Ein "Ort für den Ort … und darüber hinaus" – so lautet das Motto für ein Projekt, das sich die evangelische Kirchengemeinde Oberstedten aufgeladen hat. Aufgeladen? Nun, es ist keine Kleinigkeit, ein leer stehendes Gebäude zu erwerben, es zu einem Haus umzubauen, das der Kirchengemeinde und dem Dorf dienen soll, eine Konzeption zu entwickeln und auch noch die Menschen zu finden, die das Ganze am Laufen halten sollen.

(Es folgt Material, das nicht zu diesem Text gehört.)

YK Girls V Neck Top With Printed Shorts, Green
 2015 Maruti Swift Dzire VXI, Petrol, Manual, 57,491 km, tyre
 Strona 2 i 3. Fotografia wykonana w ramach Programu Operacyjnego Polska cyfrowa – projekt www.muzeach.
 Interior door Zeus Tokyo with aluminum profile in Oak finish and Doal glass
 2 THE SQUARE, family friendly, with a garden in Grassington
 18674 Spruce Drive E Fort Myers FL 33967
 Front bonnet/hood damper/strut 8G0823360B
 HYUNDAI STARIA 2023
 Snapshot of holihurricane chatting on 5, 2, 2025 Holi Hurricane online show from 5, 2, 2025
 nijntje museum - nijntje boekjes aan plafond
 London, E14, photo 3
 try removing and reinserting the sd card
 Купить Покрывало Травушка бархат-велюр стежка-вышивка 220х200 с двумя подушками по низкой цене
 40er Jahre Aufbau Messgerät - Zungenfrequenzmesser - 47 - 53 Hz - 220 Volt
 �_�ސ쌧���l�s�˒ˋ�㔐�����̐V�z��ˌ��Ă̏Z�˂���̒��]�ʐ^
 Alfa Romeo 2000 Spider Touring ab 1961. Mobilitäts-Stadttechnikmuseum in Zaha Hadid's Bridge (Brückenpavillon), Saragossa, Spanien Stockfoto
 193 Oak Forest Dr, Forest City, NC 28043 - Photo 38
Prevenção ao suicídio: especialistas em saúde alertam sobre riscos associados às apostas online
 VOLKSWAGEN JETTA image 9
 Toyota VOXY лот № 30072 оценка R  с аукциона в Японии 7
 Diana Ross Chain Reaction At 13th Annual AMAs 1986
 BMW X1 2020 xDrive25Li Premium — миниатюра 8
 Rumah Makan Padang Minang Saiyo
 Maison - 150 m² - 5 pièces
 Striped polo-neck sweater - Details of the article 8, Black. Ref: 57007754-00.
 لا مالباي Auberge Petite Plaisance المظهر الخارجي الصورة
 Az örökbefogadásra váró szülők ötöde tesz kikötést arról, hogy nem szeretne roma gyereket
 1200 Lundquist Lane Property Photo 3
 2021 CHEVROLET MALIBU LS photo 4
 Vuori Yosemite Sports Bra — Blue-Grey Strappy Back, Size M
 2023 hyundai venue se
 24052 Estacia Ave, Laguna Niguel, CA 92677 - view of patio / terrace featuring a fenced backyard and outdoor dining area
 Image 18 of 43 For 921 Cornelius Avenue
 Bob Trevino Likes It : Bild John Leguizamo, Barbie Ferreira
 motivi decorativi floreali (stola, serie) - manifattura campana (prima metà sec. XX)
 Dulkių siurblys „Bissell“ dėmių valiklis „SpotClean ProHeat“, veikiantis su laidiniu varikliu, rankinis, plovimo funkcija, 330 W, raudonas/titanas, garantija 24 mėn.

Wie kommt man auf eine solche Idee?

"Der Auslöser für die Idee waren die ungenutzten Parkplätze", erinnert sich Fabian Vogt, Pfarrer der Evangelisch-Lutherischen Kirchengemeinde Oberstedten – einem von vier Stadtteilen im hessischen Oberursel (Taunus). Nachdem die Freiwillige Feuerwehr des Ortes ein neues Haus am Ortsrand beziehen konnte, standen die alten Räumlichkeiten leer. Aber das Parkverbotsschild war immer noch da, obwohl schon lange keine Löschzüge mehr von dort ausrückten. "Könnte man die nicht für die Kirchengemeinde nutzen?", fragte sich Vogt, zumal im Kern eines alten Dorfes wie Oberstedten der Parkraum stets knapp ist. Und dann fiel natürlich auch das Gebäude ins Auge. Keiner wollte es haben, abreißen wäre schade gewesen.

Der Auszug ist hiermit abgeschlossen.